ANYONE WHO PROPOSED damming and inundating Hetch Hetchy Valley today would be run out of the state before you could say "John Muir." But a century ago, the great naturalist fought in vain to preserve the valley, which rivals Yosemite Valley for granite-walled grandeur. Instead, it was filled with water and became a reservoir for San Francisco.

The construction of O'Shaughnessy Dam was unquestionably a mistake. But it's not at all clear that dismantling the dam and restoring the valley is the right thing to do now.

An admirably impartial state report brought some clarity to the issue this week. It is entirely feasible to drain Hetch Hetchy and still provide San Francisco with water. But restoring the valley would be hellishly expensive -- $3 billion to $10 billion. Environmentalists had said it would cost far less.

People can and do continue to quibble over the expense -- would it really take up to $1.8 billion, as the state says, for engineering, legal and paperwork alone? -- but the prohibitive bottom line remains. Restoring Hetch Hetchy is a beautiful environmental dream. But it does not belong on anyone's short list of priority projects.

Not only must the cost of restoring Hetch Hetchy be balanced against the laundry list of state infrastructure needs, it also must be weighed alongside bigger environmental threats. Located within Yosemite National Park, Hetch Hetchy is protected from further damage in ways that many other wild resources are not. The billions of dollars needed to restore it could buy a lot of land threatened with development or oil drilling. The money could be used to protect the habitat of a species that might otherwise go extinct, or to combat air pollution in national parks and forests.

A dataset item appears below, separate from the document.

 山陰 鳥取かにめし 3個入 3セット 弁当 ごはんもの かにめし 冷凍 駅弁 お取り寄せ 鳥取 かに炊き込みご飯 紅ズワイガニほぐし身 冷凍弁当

By contrast, the main idea behind restoring Hetch Hetchy is to open it to tourism and recreation -- a worthy goal, certainly. It is not, however, especially urgent. If we someday decide we want to pay whatever it costs to enjoy the Hetch Hetchy Valley instead of the Hetch Hetchy Reservoir -- well, the valley will still be there decades from now.

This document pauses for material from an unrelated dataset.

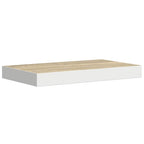 vidaXL Schweberegal Eichenoptik und Weiß 40x23x3,8 cm MDF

Until that day comes, there is one question that hasn't been asked but should be: Why isn't Hetch Hetchy open to limited recreation as it is, as a spectacularly scenic lake where people could fish or use non-motorized boats? The fact that water fills the valley to a depth of 300 feet doesn't make the valley's nearly 2,000-foot cliffs less imposing.

San Franciscans would undoubtedly squawk, as they do over any proposal that would affect their water supply. And the regional water district might have to upgrade the reservoir's water-treatment system. But the state should be asking this question -- and ending the debate over whether it should be spending millions more to study a currently unaffordable water project.